- Opening Delimiter -
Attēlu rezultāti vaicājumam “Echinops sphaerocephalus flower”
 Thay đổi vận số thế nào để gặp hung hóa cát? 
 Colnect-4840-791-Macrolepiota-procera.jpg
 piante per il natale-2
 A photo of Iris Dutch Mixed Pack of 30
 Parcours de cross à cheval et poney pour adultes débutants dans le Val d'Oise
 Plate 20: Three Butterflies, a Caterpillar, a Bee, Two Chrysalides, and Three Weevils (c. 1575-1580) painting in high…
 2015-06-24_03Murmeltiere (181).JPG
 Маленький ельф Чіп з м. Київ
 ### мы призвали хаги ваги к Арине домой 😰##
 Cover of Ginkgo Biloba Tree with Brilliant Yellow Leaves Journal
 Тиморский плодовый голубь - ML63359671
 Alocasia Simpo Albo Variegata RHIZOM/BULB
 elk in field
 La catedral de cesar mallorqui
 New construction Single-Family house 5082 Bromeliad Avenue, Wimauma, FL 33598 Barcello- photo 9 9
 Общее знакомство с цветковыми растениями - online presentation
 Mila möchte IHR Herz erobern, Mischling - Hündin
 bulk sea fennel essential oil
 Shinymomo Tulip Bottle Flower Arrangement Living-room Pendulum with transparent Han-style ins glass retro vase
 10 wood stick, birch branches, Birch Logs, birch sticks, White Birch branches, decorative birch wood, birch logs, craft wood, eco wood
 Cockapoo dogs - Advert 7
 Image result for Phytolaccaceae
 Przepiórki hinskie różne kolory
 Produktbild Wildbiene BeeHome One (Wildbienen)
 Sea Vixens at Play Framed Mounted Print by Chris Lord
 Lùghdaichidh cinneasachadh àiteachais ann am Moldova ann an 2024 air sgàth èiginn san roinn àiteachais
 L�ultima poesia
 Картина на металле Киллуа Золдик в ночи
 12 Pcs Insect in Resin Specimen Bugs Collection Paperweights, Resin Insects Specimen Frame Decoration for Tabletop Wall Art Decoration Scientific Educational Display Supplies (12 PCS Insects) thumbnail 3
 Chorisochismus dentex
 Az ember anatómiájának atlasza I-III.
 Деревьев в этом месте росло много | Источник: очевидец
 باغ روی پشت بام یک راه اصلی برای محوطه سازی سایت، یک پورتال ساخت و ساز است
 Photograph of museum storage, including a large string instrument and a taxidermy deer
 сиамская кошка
- Closing Delimiter -
What the task requires:
For the lines above, output exactly those from the line containing "New construction Single-Family" through the line containing "Sea Vixens at", and skip the others.

Answer box:
 New construction Single-Family house 5082 Bromeliad Avenue, Wimauma, FL 33598 Barcello- photo 9 9
 Общее знакомство с цветковыми растениями - online presentation
 Mila möchte IHR Herz erobern, Mischling - Hündin
 bulk sea fennel essential oil
 Shinymomo Tulip Bottle Flower Arrangement Living-room Pendulum with transparent Han-style ins glass retro vase
 10 wood stick, birch branches, Birch Logs, birch sticks, White Birch branches, decorative birch wood, birch logs, craft wood, eco wood
 Cockapoo dogs - Advert 7
 Image result for Phytolaccaceae
 Przepiórki hinskie różne kolory
 Produktbild Wildbiene BeeHome One (Wildbienen)
 Sea Vixens at Play Framed Mounted Print by Chris Lord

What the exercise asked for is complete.